Where the line containing "Ultrapłaska aluminiowa podstawka" appears, end the copy there, keeping that line; start from the first line of the entries, copy exactly, and omit pictures.
-----
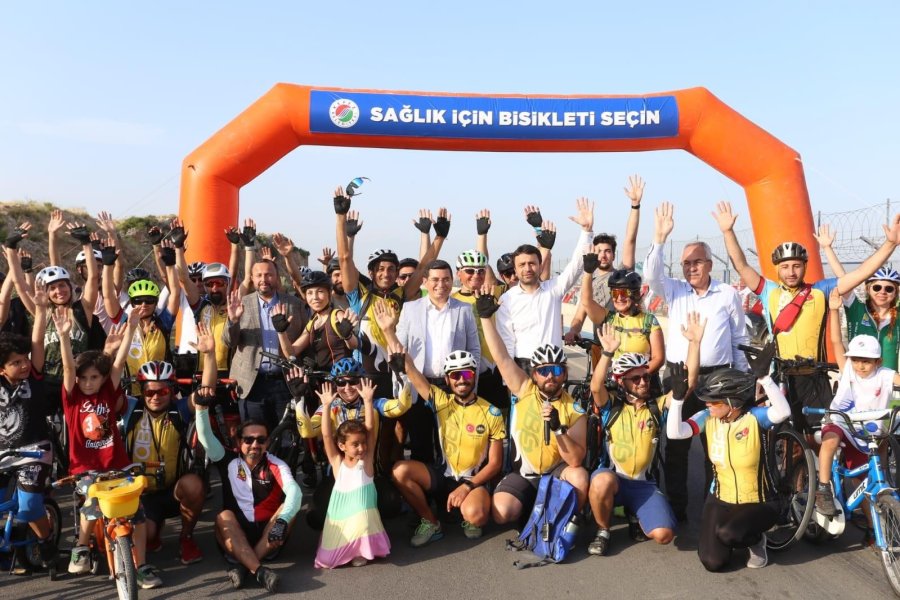 Kepez’de 19 Kilometre Kesintisiz Bisiklet Yolu Ağı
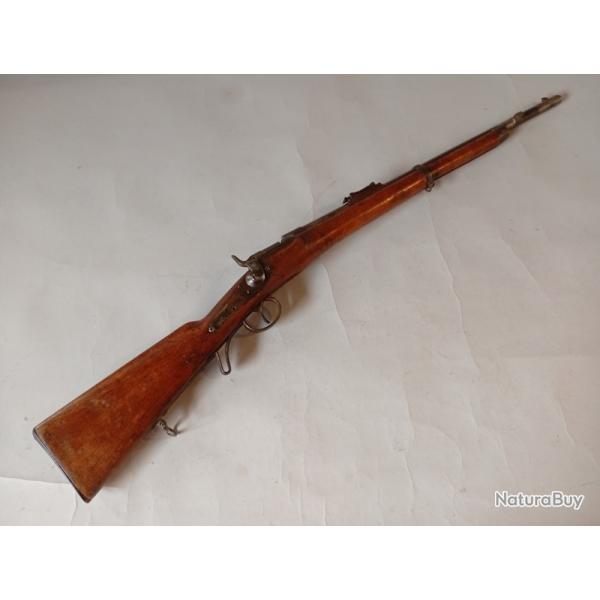 Carabine syst�me Werndl, calibre 11 mm.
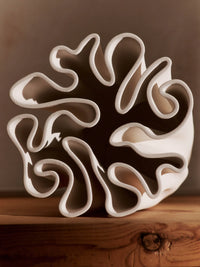 Ferm Living - Vase Dedali H: 18 cm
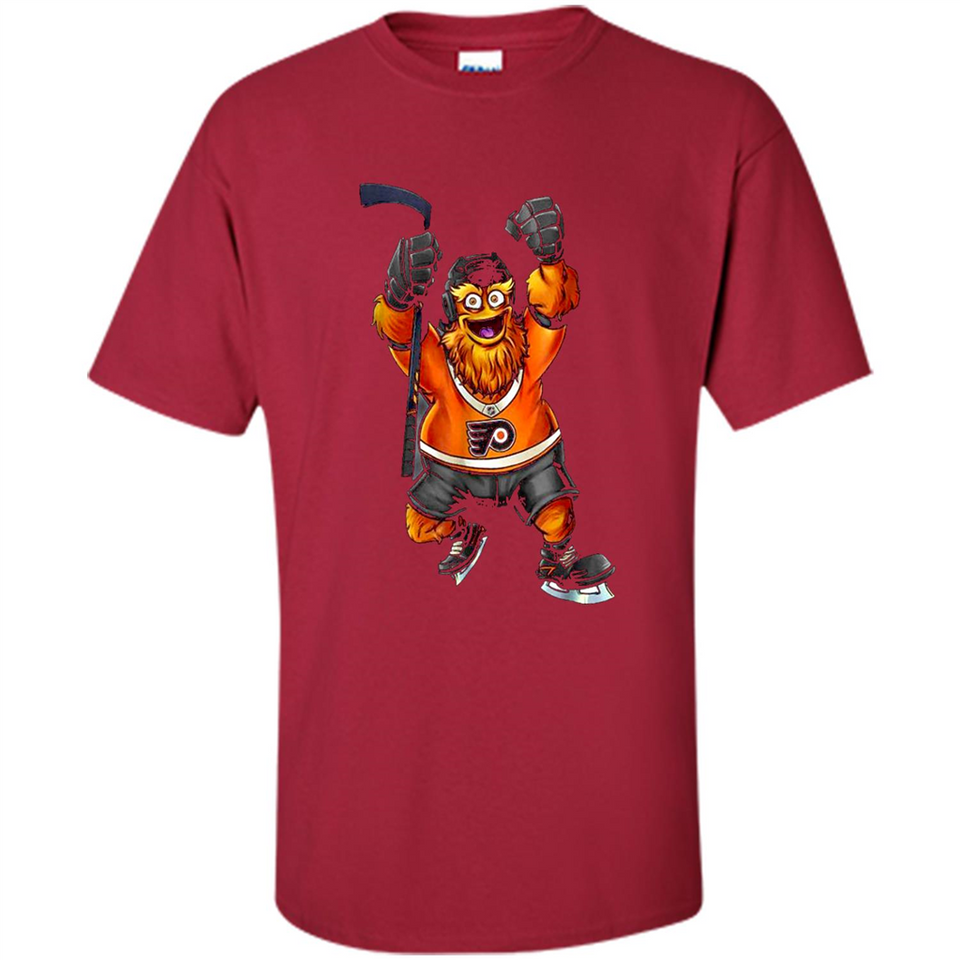 Keep it Gritty Philadelphia Flyers hockey mascot PINGPONG
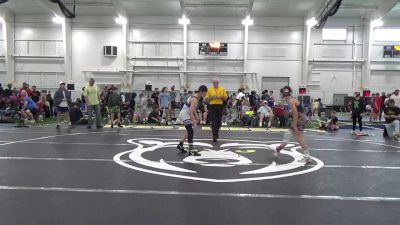 C-102 Mats 5-8 4:30pm lbs Round Of 16 - Alex Allison, SC vs Marcus Dickson, PA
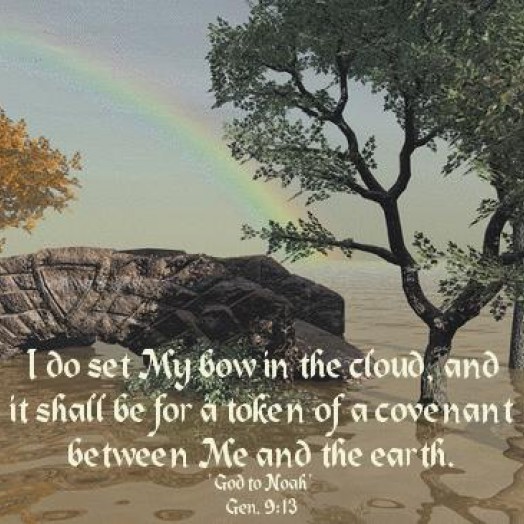 God to Noah Gen 9:13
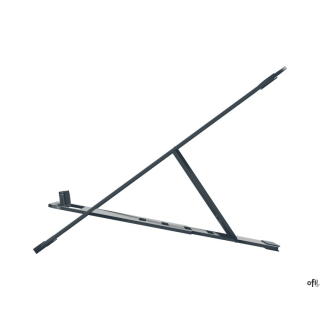 Ultrapłaska aluminiowa podstawka pod laptopa Leitz Ergo z regulacją wysokości 63460089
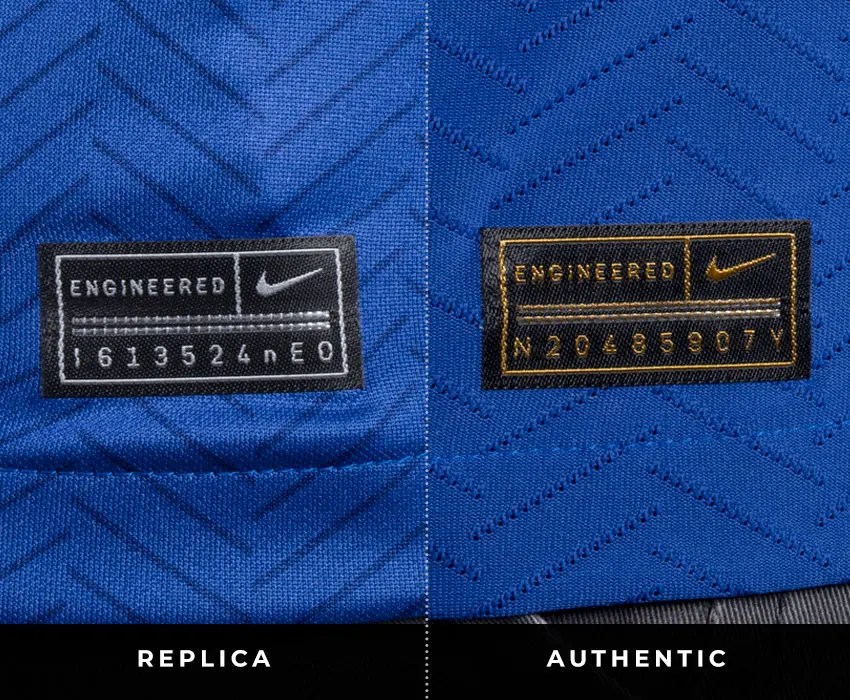 Why Authentic Match Jerseys Are Worth the Premium
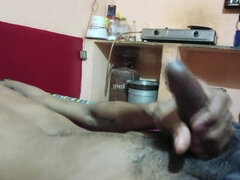 Sperm skott, Inder, Onani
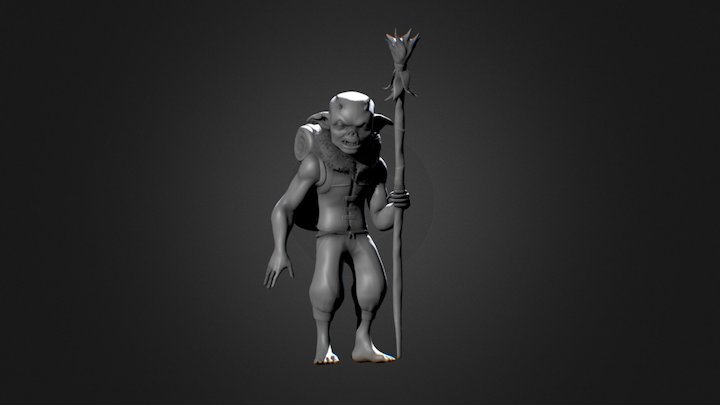 Goblin – Modello 3D gratuito STL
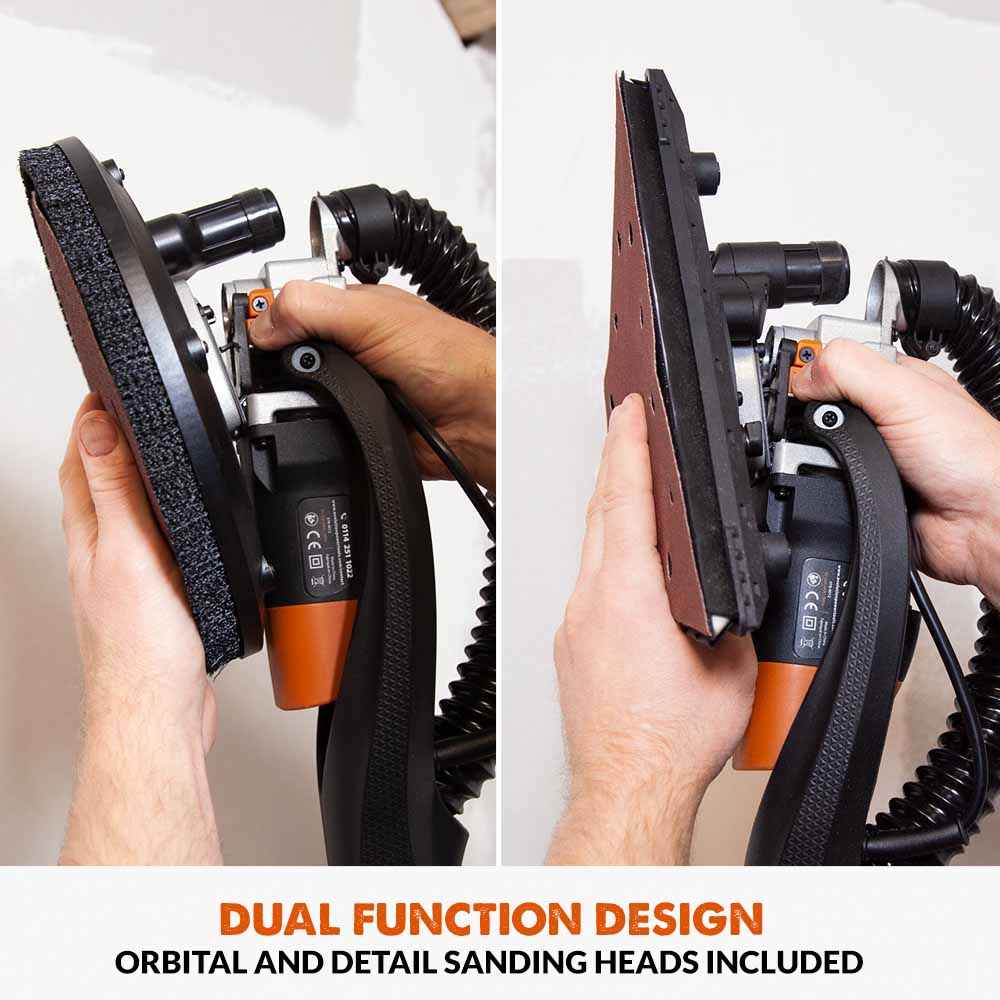Slefuitor pereti si tavane Evolution R225DWS-T cu brat telescopic - Imagine 4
-----
-- Expected answer --
 Kepez’de 19 Kilometre Kesintisiz Bisiklet Yolu Ağı
 Carabine syst�me Werndl, calibre 11 mm.
 Ferm Living - Vase Dedali H: 18 cm
 Keep it Gritty Philadelphia Flyers hockey mascot PINGPONG
 C-102 Mats 5-8 4:30pm lbs Round Of 16 - Alex Allison, SC vs Marcus Dickson, PA
 God to Noah Gen 9:13
 Ultrapłaska aluminiowa podstawka pod laptopa Leitz Ergo z regulacją wysokości 63460089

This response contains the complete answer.